== Source records ==

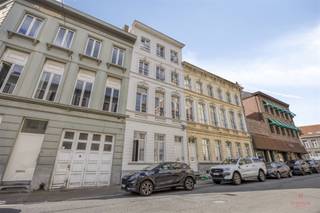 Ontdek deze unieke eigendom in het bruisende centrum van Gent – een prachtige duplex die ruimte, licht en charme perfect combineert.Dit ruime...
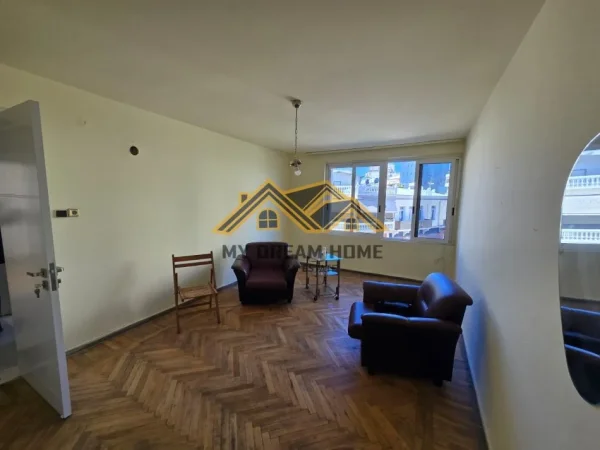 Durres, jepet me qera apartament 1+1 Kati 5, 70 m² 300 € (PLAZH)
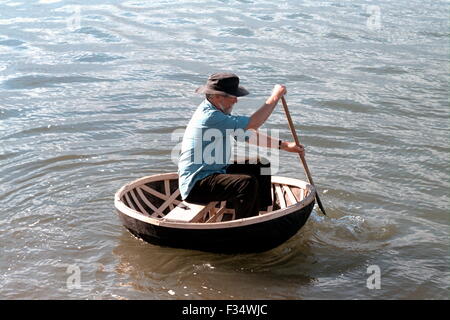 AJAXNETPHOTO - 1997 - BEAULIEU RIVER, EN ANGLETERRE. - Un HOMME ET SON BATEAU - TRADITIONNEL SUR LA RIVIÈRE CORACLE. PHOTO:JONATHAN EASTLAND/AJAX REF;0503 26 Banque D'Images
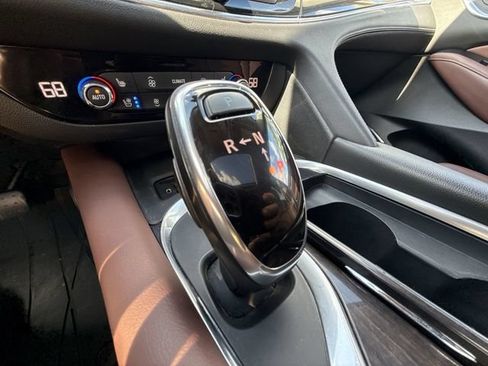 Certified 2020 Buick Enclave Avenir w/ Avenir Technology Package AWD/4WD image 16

===
== Source records ==

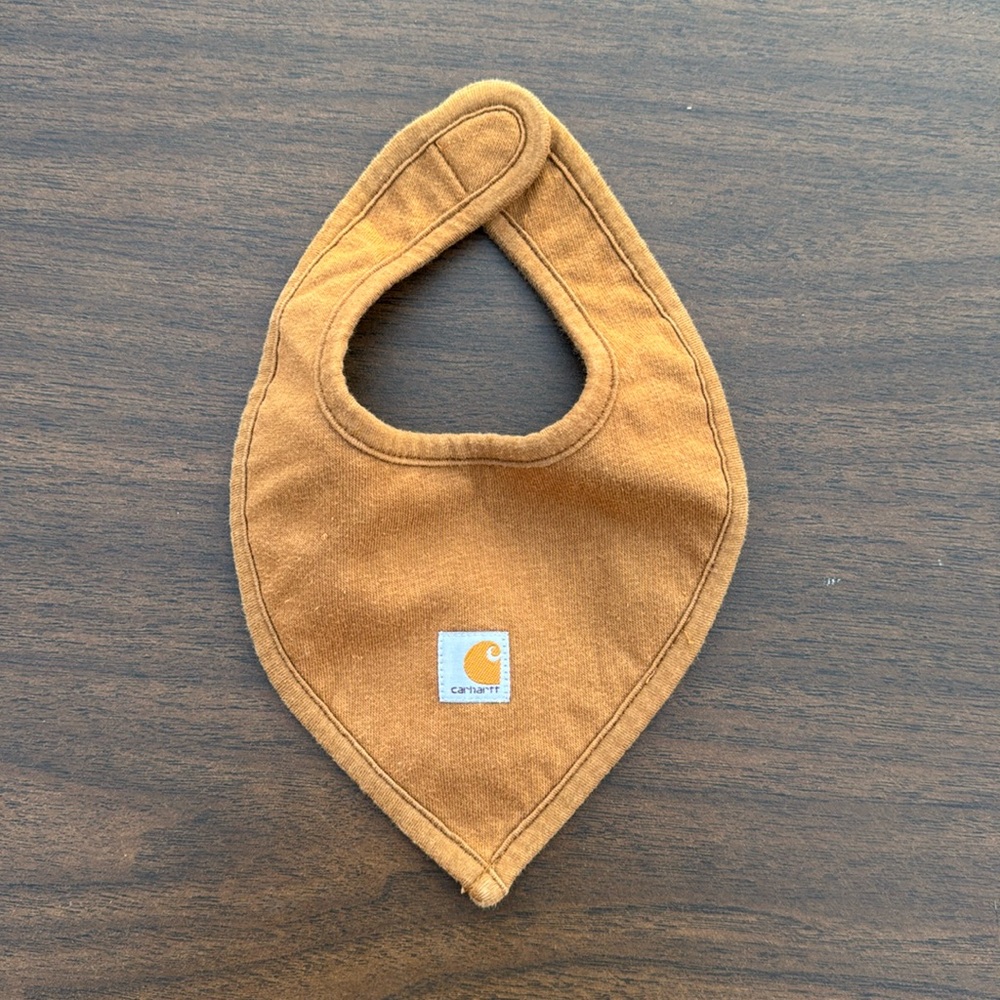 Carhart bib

===
== Source records ==

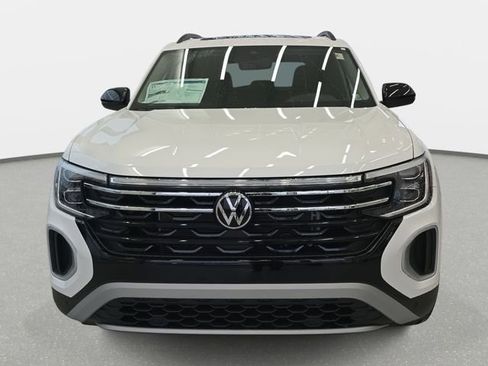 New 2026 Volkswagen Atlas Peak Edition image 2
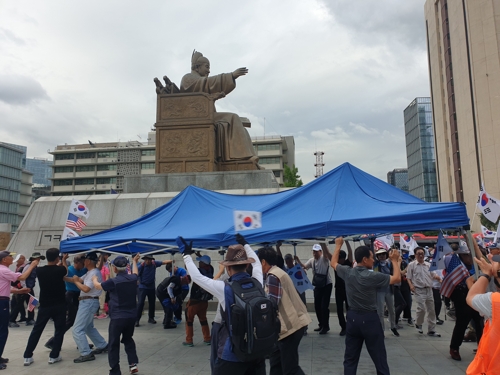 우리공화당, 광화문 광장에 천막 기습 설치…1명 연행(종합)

===

=== Required action ===
The stretch to restate runs from the line above containing "Durres, jepet me" through the line containing "Certified 2020 Buick". Copy it word for word, ends included, without pictures.

=== Answer area ===
 Durres, jepet me qera apartament 1+1 Kati 5, 70 m² 300 € (PLAZH)
 AJAXNETPHOTO - 1997 - BEAULIEU RIVER, EN ANGLETERRE. - Un HOMME ET SON BATEAU - TRADITIONNEL SUR LA RIVIÈRE CORACLE. PHOTO:JONATHAN EASTLAND/AJAX REF;0503 26 Banque D'Images
 Certified 2020 Buick Enclave Avenir w/ Avenir Technology Package AWD/4WD image 16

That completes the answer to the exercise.